His most famous roles were perhaps in Kulkurin valssi ("The Vagabond's Waltz"), and Vaimoke ("Surrogate Wife"). He appeared with actress/singer Birgit Kronström in the 1941 romantic comedy "Onnellinen ministeri" ("The Lucky Cabinet Minister"), which included the famous song "Katupoikien laulu", remade by other Finnish pop singers including Katri Helena.

Life and career 
Palo was born in Hämeenlinna as Tauno Brännäs, but changed his name to Tauno Palo in 1935. He was of partial Russian descent through his mother Olga Andersson () whose father was a Russian soldier and mother a Finnish maid. Palo recruited in the military and was educated as a chemist. His friend invited him to join the theatre of Working Men's Club in Sörnäinen. Theatre director and famous actor Aarne Orjatsalo became his mentor. The dark-haired lad from Sörnäinen who had a good voice got attention, and in 1931 he was invited to auction for film studios. His final breakthrough came when era of silent films was over, and people could hear his voice.

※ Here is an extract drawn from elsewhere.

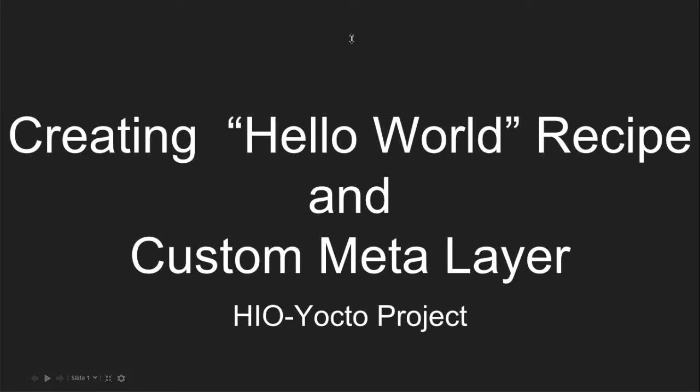Hi, teacher Charles. In this video, I will introduce you on how to create a hardware recipe and custom meta layer for the Hyo Yocto project.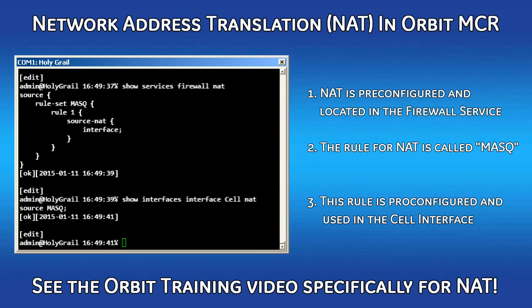Network address translation, or NAT, is also pre-configured to your cell interface. The rule can be found in your firewall settings under NAT, called MASK. It's very important to not modify the MASK rule unless you are doing IPSec or 1-to-1 NAT. See those videos for more information. There is also an extensive training series video on Orbit and NAT, and I highly recommend checking that out.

Palo left his work as chemist in 1932. He was hired by the Finnish National Theatre, but until 1938 he got only small roles, because his popularity as a film star harmed his credibility on the stage. 

Ansa Ikonen played as his leading lady in 12 films and in numerous plays and on tours. In eyes of the public, they became the most romantic couple ever. In real life they did not have a romantic relationship.

Palo had in total over 300 roles on stage and played in 65 feature films.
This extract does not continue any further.